Title of Talk: Automatic Surveillance System for Video Streams
Digital images and videos collection has increased exponentially during the past few years as more and more data is available in the form of personal photo albums, handheld camera videos, feature films and multi-lingual broadcast news videos which presents visual data ranging from unstructured to highly structured. Today video traffic accounts for 80 percent of all video traffic. Videos consist of audio and visual contents and are often provided with textual information resulting in the increase of data in all the three dimensions. Because of this huge increase in data, there is a need for qualitative filtering to differentiate between relevant and irrelevant information according to user requirements. In addition, time constraints enforce a limit on how much time one can spend watching videos. Therefore, one has to be selective when accessing appropriate information. Such a distillation process requires comprehensive information processing including categorization, description and explanation about various videos.

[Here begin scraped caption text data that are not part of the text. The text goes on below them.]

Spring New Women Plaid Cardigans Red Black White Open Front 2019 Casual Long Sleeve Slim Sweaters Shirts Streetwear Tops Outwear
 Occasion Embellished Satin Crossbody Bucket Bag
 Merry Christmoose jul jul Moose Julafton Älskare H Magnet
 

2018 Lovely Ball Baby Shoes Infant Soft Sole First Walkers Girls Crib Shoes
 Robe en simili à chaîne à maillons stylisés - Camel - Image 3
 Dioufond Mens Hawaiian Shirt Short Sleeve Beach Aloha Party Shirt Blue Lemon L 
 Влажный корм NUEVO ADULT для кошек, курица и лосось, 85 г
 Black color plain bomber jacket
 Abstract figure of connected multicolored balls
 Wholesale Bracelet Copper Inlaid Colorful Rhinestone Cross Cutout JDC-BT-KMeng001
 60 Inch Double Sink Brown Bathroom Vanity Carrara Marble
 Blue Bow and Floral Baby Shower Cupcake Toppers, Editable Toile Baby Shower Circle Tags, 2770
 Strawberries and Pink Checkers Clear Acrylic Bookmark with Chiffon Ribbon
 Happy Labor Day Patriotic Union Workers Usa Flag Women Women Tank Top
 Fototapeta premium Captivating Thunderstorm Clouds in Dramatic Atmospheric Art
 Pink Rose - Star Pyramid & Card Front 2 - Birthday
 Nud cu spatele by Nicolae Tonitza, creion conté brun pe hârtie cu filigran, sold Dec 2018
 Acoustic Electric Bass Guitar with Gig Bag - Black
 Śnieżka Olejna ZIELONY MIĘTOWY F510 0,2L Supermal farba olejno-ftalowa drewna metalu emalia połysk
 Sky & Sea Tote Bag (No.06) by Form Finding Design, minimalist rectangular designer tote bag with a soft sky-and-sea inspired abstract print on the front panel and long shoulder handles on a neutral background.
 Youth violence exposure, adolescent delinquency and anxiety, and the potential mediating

This talk is concerned with the automatic generation of natural language descriptions that can be used for video indexing, retrieval and summarization applications. It is a step ahead of keyword based tagging as it captures relations between keywords associated with videos, thus clarifying the context between them. Initially, we prepare hand annotations consisting of descriptions for video segments crafted from a self- generated and state of the art Video dataset. Analysis of this data presents insights into humans interests on video contents. For machine generated descriptions, conventional image processing techniques are applied to extract high level features (HLFs) from individual video frames. Natural language description is then produced based on
these HLFs. Although feature extraction processes are erroneous at various levels, approaches are explored to put them together for producing coherent descriptions. For scalability purpose, application of framework to several different video genres is also discussed. For complete video sequences, a scheme to generate coherent and compact descriptions for video streams is presented which makes use of spatial and temporal relations between HLFs and individual frames respectively. Calculating overlap between machine generated and human annotated descriptions concludes that machine generated descriptions capture context information and are in accordance
with human’s watching capabilities. Further, a task based evaluation shows improvement in video identification task as compared to keywords alone. Finally, application of generated natural language descriptions, for video scene classification is discussed.